TASK BRIEF
Your task is to write out every line of the data exactly. Drop the pictures.

INFORMATION SHOWN
----------------

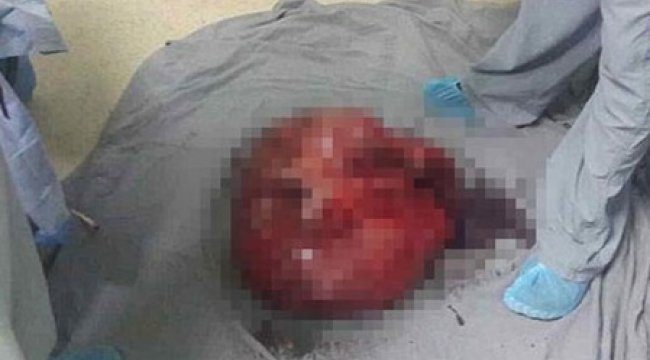 Hamile Sanılan Kadının Karnından Çıkan Şoke Etti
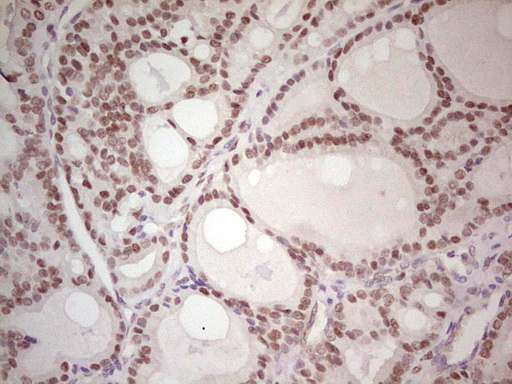 MAD2L1BP Antibody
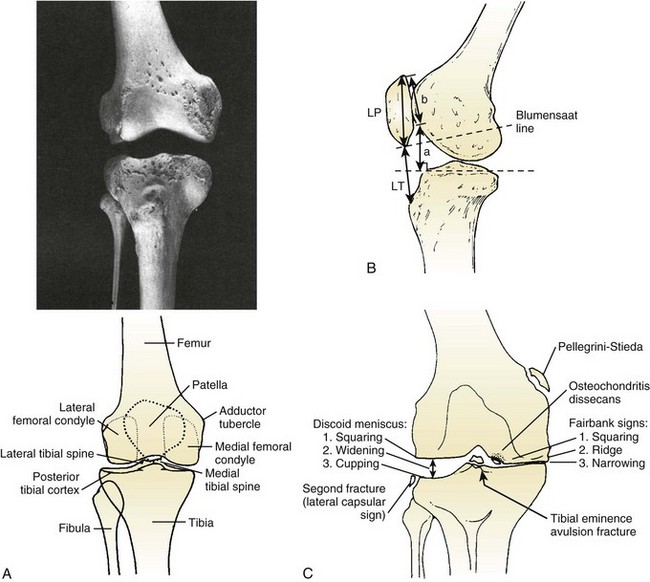 Tibial Epicondyle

----------------

ANSWER SECTION
 Hamile Sanılan Kadının Karnından Çıkan Şoke Etti
 MAD2L1BP Antibody
 Tibial Epicondyle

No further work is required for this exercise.